Zor zamanlardı, savaşın yaklaştığı dünyanın karışık olduğu zamanlar... 1921'de, Bursa'nın küçük bir köyünde dünyaya geldi. Çok okuyamadı, köyünün okulunda sadece 3 yıllık bir eğitim gördü. Hayatı zorluklar içindeydi. 16 yaşındayken hint keneviri yetiştirmek suçundan cezaevine girdi. Cezasının bitmesine çok az bir zaman kala dört mahkumun saldırısına uğradı, cezaevinden çıktıktan sonra evlendiği gün düğün evini basan hasmını öldürdü ve yeniden cezaevine girdi. Cezaevindeyken önce babasının cinayete kurban gittiği; daha sonra da doğumda karısının öldüğü ve çok kısa bir süre sonra da çocuğunun ölüm haberlerini aldı.

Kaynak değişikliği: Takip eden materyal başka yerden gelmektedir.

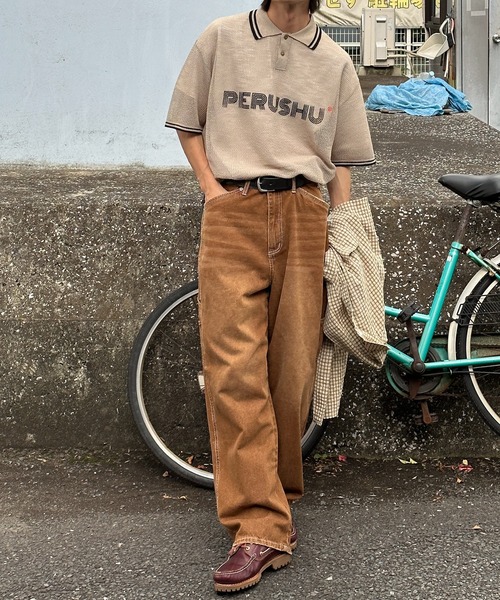 Perushu（ペルーシュ）の「立体刺繍ペインターデニム（デニムパンツ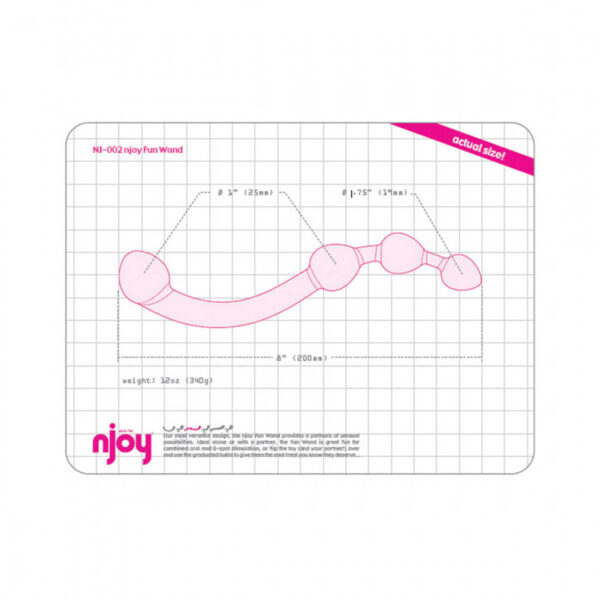 njoy Fun Wand Dual-Ended Anal Bead & G-spot Dildo - Dimensions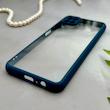 قاب گوشی Galaxy A12 - M12 سامسونگ پشت طلق شفاف دور سیلیکونی دور رنگی محافظ لنز برجسته سرمه ای کد 129453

İşte bu acı hayatın içinde bir yerlerde bir şeyler oluyor. Çok uzatmayacağım, anlatacak çok şey var ama asıl anlatmak istediğim satır aralarında gizli olan bir hikaye: Bahsettiğimiz kişinin iki binden fazla tablosu ve bunun birkaç katı da deseni bulunmakta: Sadece Türkiye'de değil, dünyanın tanıdığı bir ressam oldu, eserleri konuşuldu. Bununla da bitmiyor; çizdikleriyle anlattıklarının yanında aynı zamanda yazar oldu. Hayatı boyunca yazdı. Büyük yazar olarak geçinen ve sadece bir iki kitabı olan büyük yazarlara inat 11 tane kitap yayınladı. Ben onlara inat diyorum ama onun gözünün kimseyi gördüğünü sanmıyorum...

Nasıl olur? Nasıl olabilir ? Böyle bir eğitim, böyle bir hayat, böyle bir kader nasıl bu şekle dönebilir. Hikayenin eksik bir yanı var. Dedim ya satır aralarında saklı bir hikaye var. Ne olduysa mapusta oluyor. Hayatının büyük bir kısmını geçirdiği mapusta ... Bir kişinin hayatına teğet geçiyor hayatı... 7 yıllarını beraber geçiriyorlar. Hocası oluyor, abisi oluyor. O ona Şair baba diyor, biz Nazım Hikmet diyoruz...

İşte böyle bir insan NAZIM HİKMET !!! böyle bir VATAN HAİNİ !!!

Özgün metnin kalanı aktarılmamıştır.